John Barrasso Blocks Unemployment Bill He Doesn't Understand

GOP Senator Blocks Unemployment Bill He Doesn't Understand

WASHINGTON -- Wyoming Republican Sen. John Barrasso blocked a request to reauthorize extended unemployment benefits on Thursday, saying a better way to help the unemployed would be to improve the economy by giving "certainty" to businesses on taxes.

"This is about people who have been collecting unemployment benefits for 99 weeks," said Barrasso, describing the bill he just blocked.

Except he wasn't describing it. The bill Democrats have been pushing is for a yearlong reauthorization of two programs called Emergency Unemployment Compensation and Extended Benefits, which combined provide up to 73 weeks of benefits in some states. Those programs lapsed this week, meaning people laid off through no fault of their own are now eligible for just 26 weeks of state-funded benefits.

If the lapsed benefits are reauthorized, some unemployed will once again be eligible for up to 99 weeks of benefits -- but not any more.

Sen. Barbara Boxer (D-Calif.) interrupted Barrasso to correct him. "I just want you to understand that this extension is not for anything beyond 99 weeks," she said. "We do not have any extension beyond 99 weeks.
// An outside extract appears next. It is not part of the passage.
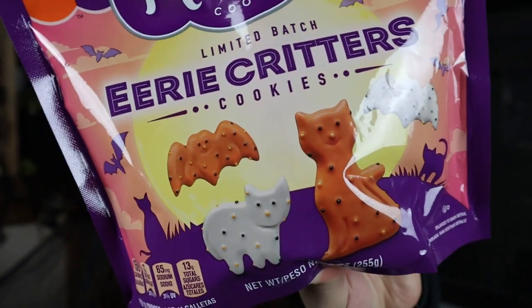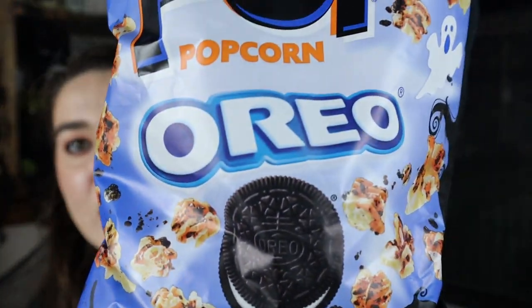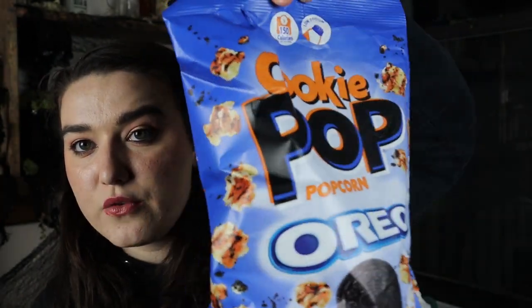Then I got the Mother's Frosted Cookies Eerie Critters pack — basically orange and white frosted little cookies that I knew would match the color theme. And last but not least, I picked up two bags of the Oreo Cookie Pop Halloween edition, which is orange and white with Oreo cookie crumbles. It matches the vibe and I think everyone will love it.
I just wanted my friend to know that."

"I appreciate the comments from the senator from California," Barrasso said.

Barrasso made the same mistake describing unemployment legislation in an interview with PBS on Wednesday evening. "Right now we have benefits for people who are out of work up to 99 weeks so this goes beyond that," he said. (Barrasso said he supported extending unemployment, just with a Republican bill that offset the cost of the benefits with spending cuts.)

Sen. Debbie Stabenow (D-Mich.) followed up. "I personally believe as long as the economy is as sluggish, as slow, as challenged as it is, that we ought to extend benefits beyond 99 weeks," she said. "But the bill that's in front of us is not that. It is the bill that Sen. Boxer talked about, which is the basic program. The program that basically says if you lose your job today, you have the same opportunity to receive some temporary help as the person who lost their job on Monday or Tuesday."

Stabenow, too, spoke incorrectly. Without the federally-funded benefits, people who lost their jobs on Monday or Tuesday are not eligible for any more help than people who lost their jobs after Wednesday, when the programs lapsed. The only layoff victims eligible for more help are the ones who lost their jobs more than 26 weeks before the programs lapsed. And the only ones who could have received the full 99 weeks had to have lost their jobs 99 weeks ago.

HuffPost first reported in November that members of Congress misunderstand unemployment legislation. It's a problem exacerbated by reporters who don't seem to understand it, either.

"It is the task for people like us, for the White House, for policymakers, and I would argue, for journalists covering the issue, to try to clarify what the issue is and what the issue is not," Robert Greenstein, director of the Center on Budget and Policy Priorities, told HuffPost in November.

If the benefits aren't reauthorized, the failure to do so would represent Congressional stinginess of historical proportions. During recessions, the unemployed have always been given extra weeks of benefits beyond the 26 available from states, and benefits have never been taken away with the unemployment rate above 7.2 percent.

There are measures in the House and Senate to give additional weeks of benefits to jobless workers who have exhausted the 99 available in hardest-hit states, but negotiations are currently focused just on preserving the status quo.